Это мироощущение представлено прежде всего как переживание телесного контакта с миром или даже всего мира как одного большого тела: «Я пряду эту нить, черчу прутом на песке, я пишу в тишине эти строки. На третьем году войны у меня ничего не осталось, чтобы вспомнить путь, найти забытый браслет, связать нить, разорванную поутру, а где ещё собирать мелкие камни, как не на Кафтиу-Крите, забытом, разрушенном, стёртом с основания земли. Я брожу по призракам комнат, по площади, по слепым коридорам – вспоминая, творя наяву, замечая во сне, раскапывая и расчищая завалы, стены, груды песка, которыми землетрясение, время, ахейцы, микенцы, спартанцы, волны скрыли прекрасный дворец». Эта подробно описанная телесность восприятия распространяется и на включенные в миф события, которые тоже описываются как некая последовательность визуальных и тактильных контактов.

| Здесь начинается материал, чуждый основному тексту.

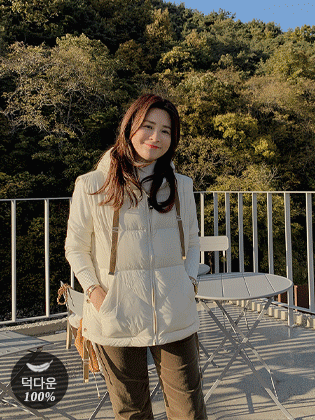 M Duck Down Padding Vest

Четкого отделения одной героини-повествовательницы от другой здесь нет. Одно женское сознание плавно перетекает в другое: Фантасия пишет о Елене, оказавшейся в старости на Крите, Елена думает об Ариадне, Ариадна – о женщинах своего рода: матери Пасифае, тетушке Кирке и бабушке Европе, затем голоса этих женщин как бы обретают самостоятельность, но тем не менее продолжают рассказывать о своем сугубо женском опыте – опыте травмы и жертвы. В этом контексте ключевым моментом для понимания произведения, на мой взгляд, становится его название «Колыбельная для Кассифоны». Кассифона – дочь Кирки, то есть Цирцеи, неоднократно упоминающейся в тексте рассказа. По одной из версий мифа сын Одиссея Телемах женился на Кирке, а потом убил ее, чтобы жениться на ее дочери Кассифоне и впоследствии в свою очередь быть ею убитым. То есть «Колыбельная» становится своего рода предупреждением для Кассифоны, которая должна будет завершить эту бесконечную череду женских травм и мужских предательств. Любопытно также и то, что в этом соотношении мужского и женского начал Татьяна Бонч-Осмоловская вполне следует общепринятым представлениям: мужское – логичное, последовательное, агрессивное, женское – эмоциональное, аморфное, жертвенное.

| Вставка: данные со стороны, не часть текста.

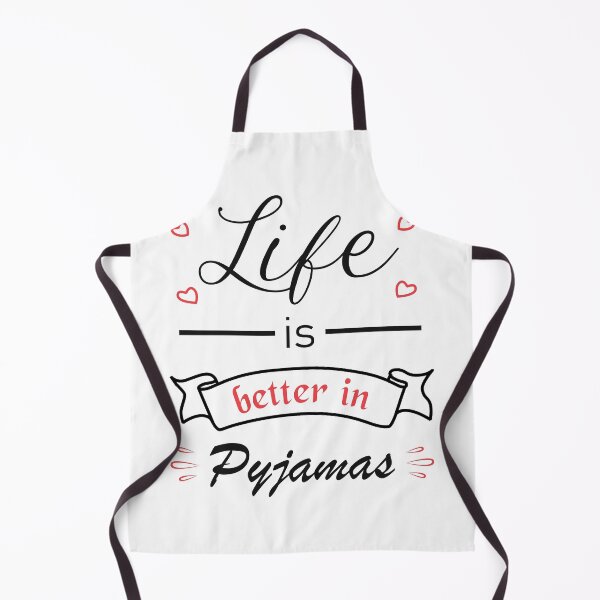 Item preview, life is better in pyjamas designed and sold by third-try.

Если сравнивать сборник «Истоки истины» с предыдущей книгой прозы «Идти легко», то безусловно можно отметить обретение автором гораздо большей уверенности. Татьяна Бонч-Осмоловская по-прежнему стремится к многоплановым экспериментам как с формой, так и с содержанием своих произведений. Однако эти эксперименты, пожалуй, становятся все более и более системными, так что вполне уже можно определить несколько общих направлений художественных поисков автора этой книги.